What you are asked to do
Transcribe the entries below exactly, starting with the line that has "Cotton flower resting" and stopping after the line that has "May include: A"; no pictures belong in the copy.

Exercise inputs
= Beginning of Section =

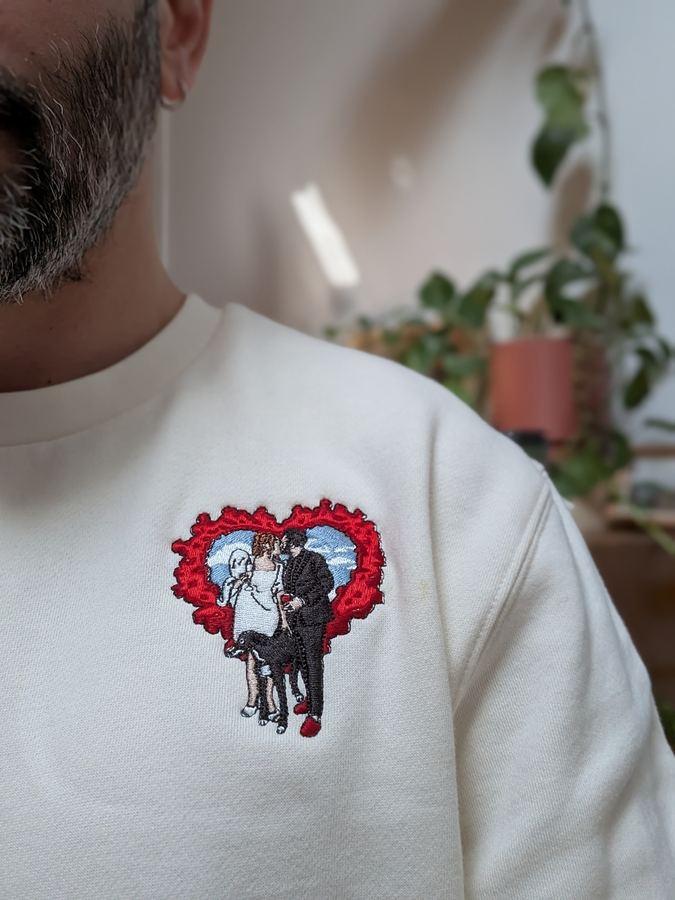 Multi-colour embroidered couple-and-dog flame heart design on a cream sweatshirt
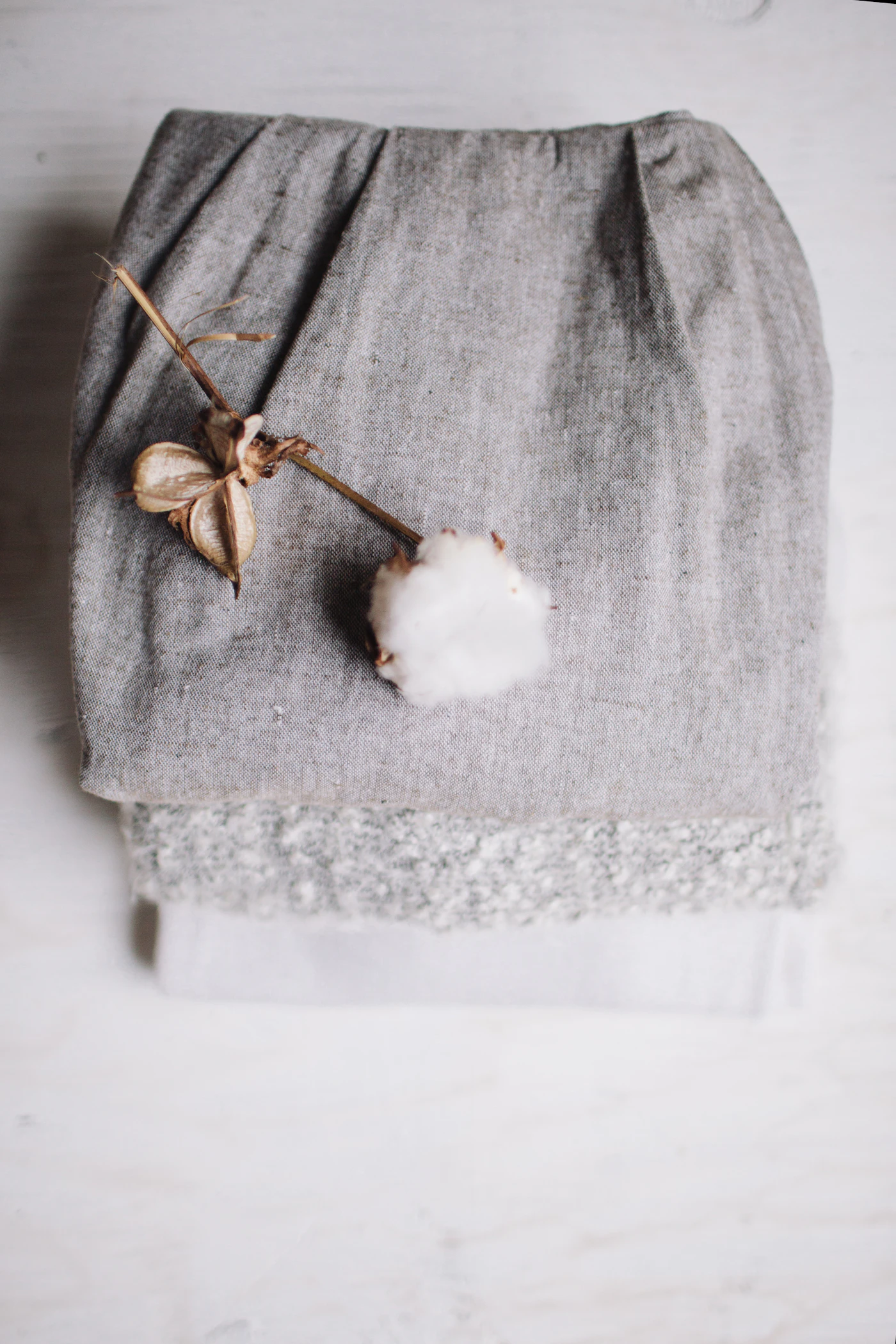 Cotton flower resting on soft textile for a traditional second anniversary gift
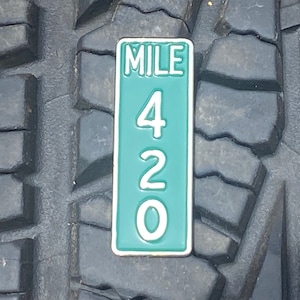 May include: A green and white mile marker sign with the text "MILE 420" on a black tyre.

= End of Section =
= Beginning of Section =

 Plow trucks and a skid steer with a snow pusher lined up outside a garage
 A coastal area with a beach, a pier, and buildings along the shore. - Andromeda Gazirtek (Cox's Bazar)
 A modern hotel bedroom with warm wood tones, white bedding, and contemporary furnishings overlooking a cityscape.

= End of Section =

Solution for this exercise
 Cotton flower resting on soft textile for a traditional second anniversary gift
 May include: A green and white mile marker sign with the text "MILE 420" on a black tyre.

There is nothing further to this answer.